**DESCRIPTION OF THE TASK:** Produce as output only the lines below starting at the line with "I also really" and continuing through the line with "You can't go", each one exactly as written.

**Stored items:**
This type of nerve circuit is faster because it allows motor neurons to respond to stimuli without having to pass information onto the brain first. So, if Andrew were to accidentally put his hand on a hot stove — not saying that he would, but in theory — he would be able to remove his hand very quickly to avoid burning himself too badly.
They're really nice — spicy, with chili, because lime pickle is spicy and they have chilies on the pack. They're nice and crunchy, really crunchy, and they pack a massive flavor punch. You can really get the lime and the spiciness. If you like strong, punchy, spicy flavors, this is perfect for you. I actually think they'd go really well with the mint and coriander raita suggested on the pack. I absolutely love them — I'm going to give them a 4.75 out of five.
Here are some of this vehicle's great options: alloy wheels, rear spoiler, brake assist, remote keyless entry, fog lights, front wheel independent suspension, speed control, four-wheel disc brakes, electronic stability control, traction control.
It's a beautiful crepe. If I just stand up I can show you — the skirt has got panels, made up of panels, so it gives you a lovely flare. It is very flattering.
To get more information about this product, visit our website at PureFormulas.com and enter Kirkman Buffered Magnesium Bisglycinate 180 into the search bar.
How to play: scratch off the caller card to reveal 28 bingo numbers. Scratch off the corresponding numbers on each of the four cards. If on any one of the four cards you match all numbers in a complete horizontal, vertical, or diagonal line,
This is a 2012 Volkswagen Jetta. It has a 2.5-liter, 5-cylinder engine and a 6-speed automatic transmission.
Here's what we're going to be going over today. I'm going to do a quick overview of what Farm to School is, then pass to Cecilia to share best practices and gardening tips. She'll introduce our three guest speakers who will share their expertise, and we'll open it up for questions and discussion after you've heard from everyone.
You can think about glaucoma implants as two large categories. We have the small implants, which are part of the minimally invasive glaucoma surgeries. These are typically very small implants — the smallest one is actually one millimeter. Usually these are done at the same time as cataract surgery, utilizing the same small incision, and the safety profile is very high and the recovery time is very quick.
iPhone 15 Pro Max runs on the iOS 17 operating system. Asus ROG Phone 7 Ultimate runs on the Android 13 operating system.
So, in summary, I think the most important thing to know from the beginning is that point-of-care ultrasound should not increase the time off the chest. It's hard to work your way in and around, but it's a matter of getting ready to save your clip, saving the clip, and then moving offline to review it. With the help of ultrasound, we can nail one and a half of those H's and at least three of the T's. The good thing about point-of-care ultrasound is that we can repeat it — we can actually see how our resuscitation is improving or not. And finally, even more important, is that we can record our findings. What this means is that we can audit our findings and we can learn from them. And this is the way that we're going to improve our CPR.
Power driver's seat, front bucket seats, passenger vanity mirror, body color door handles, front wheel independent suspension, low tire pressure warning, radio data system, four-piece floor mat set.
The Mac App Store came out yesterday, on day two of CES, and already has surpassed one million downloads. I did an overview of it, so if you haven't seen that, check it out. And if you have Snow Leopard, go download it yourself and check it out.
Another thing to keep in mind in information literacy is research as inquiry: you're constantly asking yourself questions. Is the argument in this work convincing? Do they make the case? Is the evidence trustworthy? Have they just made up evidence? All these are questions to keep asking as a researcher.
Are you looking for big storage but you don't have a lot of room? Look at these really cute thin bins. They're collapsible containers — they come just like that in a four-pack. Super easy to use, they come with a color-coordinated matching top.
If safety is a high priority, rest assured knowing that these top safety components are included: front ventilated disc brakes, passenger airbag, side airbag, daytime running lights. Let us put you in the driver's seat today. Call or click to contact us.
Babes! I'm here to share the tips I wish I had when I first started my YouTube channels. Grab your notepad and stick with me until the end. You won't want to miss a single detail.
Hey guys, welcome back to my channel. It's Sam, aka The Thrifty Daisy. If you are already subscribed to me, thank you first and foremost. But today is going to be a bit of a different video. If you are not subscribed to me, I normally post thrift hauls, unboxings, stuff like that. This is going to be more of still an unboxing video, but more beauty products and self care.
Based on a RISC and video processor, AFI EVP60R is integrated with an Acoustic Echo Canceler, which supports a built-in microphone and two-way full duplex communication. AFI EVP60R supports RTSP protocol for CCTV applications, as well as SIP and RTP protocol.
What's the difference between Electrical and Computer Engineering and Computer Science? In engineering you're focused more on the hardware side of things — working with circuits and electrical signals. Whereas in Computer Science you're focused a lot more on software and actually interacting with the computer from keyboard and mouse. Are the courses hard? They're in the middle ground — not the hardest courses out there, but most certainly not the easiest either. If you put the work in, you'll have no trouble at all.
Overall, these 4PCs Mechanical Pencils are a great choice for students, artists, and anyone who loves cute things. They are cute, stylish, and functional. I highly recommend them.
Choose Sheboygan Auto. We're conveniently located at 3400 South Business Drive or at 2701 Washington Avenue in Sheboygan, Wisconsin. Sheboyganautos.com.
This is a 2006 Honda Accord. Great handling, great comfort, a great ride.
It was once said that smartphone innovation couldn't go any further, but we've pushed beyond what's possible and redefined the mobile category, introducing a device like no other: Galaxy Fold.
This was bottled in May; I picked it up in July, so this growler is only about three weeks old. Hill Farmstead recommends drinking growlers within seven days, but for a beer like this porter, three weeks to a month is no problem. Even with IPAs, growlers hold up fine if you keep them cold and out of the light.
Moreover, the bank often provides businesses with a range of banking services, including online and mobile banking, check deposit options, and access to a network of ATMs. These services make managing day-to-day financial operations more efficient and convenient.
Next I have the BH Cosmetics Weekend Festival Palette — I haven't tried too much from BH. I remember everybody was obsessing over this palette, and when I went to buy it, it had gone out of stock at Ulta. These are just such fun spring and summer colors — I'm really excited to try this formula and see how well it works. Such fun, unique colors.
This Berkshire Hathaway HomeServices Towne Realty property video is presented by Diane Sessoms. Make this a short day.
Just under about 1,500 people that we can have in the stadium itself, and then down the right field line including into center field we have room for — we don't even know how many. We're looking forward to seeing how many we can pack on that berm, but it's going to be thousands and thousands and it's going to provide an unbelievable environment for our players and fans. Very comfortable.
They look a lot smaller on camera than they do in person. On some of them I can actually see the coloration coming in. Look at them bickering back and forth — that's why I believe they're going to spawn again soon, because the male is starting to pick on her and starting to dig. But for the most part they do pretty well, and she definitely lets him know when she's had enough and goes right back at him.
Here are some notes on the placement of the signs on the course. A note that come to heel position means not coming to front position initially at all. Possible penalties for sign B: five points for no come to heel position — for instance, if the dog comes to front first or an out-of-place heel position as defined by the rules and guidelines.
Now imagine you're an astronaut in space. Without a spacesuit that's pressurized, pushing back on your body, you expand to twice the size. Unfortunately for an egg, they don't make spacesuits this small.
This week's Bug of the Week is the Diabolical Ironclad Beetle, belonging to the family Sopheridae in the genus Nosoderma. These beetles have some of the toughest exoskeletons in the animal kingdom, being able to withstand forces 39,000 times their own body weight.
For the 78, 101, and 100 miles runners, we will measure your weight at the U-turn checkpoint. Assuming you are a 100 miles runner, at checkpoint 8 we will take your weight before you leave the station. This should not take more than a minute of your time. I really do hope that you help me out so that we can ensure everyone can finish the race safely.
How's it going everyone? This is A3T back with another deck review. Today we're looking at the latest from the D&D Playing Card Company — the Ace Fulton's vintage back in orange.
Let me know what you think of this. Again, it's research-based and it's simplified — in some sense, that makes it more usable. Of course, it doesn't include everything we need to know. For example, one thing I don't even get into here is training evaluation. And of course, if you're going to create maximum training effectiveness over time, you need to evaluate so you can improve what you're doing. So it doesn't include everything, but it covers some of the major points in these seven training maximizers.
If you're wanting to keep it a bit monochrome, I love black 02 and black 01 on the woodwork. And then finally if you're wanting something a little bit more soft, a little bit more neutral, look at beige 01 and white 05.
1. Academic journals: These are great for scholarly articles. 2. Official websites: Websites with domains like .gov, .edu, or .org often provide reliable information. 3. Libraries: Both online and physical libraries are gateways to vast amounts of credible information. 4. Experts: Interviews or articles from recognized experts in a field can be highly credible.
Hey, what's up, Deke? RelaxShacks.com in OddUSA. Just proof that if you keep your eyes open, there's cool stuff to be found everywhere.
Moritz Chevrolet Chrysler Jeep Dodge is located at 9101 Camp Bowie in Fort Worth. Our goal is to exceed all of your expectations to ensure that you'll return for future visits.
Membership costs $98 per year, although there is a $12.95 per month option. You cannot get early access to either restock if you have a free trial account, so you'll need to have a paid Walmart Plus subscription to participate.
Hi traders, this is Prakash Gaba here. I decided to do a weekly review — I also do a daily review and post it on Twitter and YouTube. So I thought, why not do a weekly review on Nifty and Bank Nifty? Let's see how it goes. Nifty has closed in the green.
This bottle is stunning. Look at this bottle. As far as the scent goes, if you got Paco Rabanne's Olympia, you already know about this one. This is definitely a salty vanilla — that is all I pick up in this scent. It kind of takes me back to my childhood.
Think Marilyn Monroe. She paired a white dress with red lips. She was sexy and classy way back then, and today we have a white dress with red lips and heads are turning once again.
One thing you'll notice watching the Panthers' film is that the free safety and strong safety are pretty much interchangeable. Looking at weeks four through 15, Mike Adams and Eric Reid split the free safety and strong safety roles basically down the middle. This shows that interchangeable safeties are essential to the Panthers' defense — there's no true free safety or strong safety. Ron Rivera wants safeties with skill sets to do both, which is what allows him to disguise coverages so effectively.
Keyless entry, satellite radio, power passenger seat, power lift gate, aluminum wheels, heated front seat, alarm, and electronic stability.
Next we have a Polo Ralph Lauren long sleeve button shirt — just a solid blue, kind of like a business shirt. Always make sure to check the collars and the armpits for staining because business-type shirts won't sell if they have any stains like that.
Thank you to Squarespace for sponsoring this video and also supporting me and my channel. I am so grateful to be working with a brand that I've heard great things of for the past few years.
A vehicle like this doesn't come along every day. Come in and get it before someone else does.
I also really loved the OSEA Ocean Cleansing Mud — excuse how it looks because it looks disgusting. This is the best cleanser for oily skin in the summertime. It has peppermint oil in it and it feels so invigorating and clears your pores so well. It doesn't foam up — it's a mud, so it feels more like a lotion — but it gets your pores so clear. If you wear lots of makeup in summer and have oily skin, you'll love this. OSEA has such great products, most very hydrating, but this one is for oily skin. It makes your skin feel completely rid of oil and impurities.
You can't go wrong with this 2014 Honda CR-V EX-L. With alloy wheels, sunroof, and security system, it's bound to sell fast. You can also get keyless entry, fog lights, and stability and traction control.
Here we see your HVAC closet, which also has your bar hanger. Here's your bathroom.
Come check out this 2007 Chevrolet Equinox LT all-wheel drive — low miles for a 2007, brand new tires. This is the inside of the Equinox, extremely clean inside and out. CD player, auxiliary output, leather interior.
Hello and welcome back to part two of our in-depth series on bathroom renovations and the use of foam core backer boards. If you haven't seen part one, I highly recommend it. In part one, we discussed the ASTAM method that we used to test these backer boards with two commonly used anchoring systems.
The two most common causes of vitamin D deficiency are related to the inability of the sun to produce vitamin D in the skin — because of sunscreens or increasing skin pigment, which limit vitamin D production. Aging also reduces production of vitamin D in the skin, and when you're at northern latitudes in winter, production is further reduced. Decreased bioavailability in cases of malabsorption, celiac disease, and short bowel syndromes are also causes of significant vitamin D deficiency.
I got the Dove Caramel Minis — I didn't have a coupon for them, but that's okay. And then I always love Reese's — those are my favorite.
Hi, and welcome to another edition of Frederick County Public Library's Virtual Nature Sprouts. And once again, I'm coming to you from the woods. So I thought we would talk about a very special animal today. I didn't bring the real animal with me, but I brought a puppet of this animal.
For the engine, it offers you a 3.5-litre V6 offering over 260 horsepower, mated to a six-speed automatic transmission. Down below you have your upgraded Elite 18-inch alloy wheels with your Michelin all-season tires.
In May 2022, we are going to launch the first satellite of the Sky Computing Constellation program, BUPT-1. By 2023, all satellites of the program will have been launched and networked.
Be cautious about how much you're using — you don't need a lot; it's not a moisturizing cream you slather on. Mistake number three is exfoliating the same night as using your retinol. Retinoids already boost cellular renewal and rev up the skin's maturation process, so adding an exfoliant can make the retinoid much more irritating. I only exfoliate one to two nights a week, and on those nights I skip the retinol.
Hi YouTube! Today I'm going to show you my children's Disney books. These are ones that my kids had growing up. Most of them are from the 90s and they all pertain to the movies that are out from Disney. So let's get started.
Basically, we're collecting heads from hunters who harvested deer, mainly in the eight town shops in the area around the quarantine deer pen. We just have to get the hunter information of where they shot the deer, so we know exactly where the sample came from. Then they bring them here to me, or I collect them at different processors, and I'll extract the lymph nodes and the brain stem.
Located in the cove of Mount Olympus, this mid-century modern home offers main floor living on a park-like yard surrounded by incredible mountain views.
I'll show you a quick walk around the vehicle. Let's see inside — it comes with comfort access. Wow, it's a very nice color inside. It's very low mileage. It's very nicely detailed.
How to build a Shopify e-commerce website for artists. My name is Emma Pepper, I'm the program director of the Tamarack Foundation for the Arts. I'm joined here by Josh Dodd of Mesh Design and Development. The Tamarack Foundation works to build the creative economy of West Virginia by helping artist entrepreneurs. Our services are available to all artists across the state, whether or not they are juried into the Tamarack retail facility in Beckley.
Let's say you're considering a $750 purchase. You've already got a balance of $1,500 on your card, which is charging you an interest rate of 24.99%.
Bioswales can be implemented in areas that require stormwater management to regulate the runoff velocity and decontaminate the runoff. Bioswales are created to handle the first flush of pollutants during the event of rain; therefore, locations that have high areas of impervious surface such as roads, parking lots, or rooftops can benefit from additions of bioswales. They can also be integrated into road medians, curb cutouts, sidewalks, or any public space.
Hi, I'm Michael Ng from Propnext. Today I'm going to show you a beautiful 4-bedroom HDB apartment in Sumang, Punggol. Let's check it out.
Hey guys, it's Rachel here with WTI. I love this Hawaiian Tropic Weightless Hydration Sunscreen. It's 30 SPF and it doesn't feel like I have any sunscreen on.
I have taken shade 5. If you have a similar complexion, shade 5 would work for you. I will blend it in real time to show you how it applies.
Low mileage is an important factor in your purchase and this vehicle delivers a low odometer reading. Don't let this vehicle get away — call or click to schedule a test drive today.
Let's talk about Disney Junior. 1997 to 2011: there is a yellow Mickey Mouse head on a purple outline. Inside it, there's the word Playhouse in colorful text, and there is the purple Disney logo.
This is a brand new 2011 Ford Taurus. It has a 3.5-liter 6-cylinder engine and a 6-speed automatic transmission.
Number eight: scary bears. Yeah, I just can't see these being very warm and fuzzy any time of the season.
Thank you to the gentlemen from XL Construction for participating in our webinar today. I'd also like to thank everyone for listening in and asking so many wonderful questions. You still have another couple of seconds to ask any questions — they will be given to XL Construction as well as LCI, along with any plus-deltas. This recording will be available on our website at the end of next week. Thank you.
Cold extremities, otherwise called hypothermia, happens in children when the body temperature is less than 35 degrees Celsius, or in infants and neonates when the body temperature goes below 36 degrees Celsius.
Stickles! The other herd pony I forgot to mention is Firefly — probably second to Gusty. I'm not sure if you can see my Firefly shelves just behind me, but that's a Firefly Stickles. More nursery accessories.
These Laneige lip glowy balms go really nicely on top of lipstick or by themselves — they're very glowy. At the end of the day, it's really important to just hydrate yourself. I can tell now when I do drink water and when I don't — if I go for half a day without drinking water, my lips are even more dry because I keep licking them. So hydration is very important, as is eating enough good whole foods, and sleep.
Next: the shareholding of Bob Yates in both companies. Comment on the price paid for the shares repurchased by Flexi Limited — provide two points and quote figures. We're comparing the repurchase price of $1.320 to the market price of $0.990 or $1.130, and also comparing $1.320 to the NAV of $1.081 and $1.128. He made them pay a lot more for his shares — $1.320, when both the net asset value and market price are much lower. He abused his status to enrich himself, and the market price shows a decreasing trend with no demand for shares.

**RESPONSE TO THE TASK:**
I also really loved the OSEA Ocean Cleansing Mud — excuse how it looks because it looks disgusting. This is the best cleanser for oily skin in the summertime. It has peppermint oil in it and it feels so invigorating and clears your pores so well. It doesn't foam up — it's a mud, so it feels more like a lotion — but it gets your pores so clear. If you wear lots of makeup in summer and have oily skin, you'll love this. OSEA has such great products, most very hydrating, but this one is for oily skin. It makes your skin feel completely rid of oil and impurities.
You can't go wrong with this 2014 Honda CR-V EX-L. With alloy wheels, sunroof, and security system, it's bound to sell fast. You can also get keyless entry, fog lights, and stability and traction control.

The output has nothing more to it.